Declaring uncomputable things irrelevant hopefully isn’t too crippling in practice; the universe looks computable, Time Turners can maybe be brute-forced, etc. Now, that doesn’t really answer the question. What do we do about uncomputable universes? Again, nothing… except if there is a chance of hypercomputation. But even if an AI is trying to somehow harness a hypercomputation to do better than chance at dealing with an uncomputable facet of reality, it still has to do figure out how to do the harnessing using its current computable hypotheses and the rest of its computable self.
In other words, hypercomputation isn’t a special case. It’s still a part of reality that correlates in some way with another part of reality (right? I’m, like, totally out of my depth here, but as long as we’re speculating...). The AI can notice and use this, while still only working from computable hypotheses. It should do this naturally, even operating under computable hypotheses, if it sees some way of expanding its (hyper)computational abilities.

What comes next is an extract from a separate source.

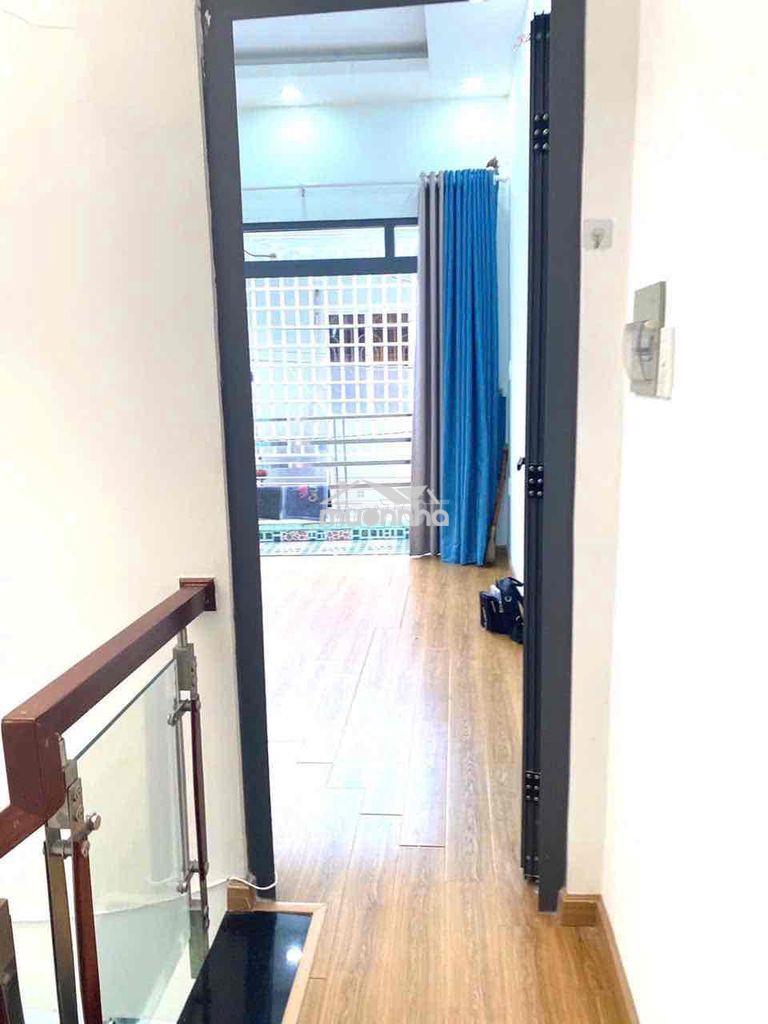 🏡 Nhà nguyên căn mới đẹp – giáp quận 1 – hẻm thông thoáng nguyễn hữu c - 4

TL;DR: whether or not the universe is computable, the AI can’t do better than computable hypotheses. The differences between reality and the best hypotheses that the AI can muster will be unavoidable, since the AI is computable. It can harness hypercomputation, but it still does so working from its computable hypotheses. Unless we program an uncomputable AI. Are you trying to ask how the AI should write an uncomputable extension of itself if it encounters hypercomputation?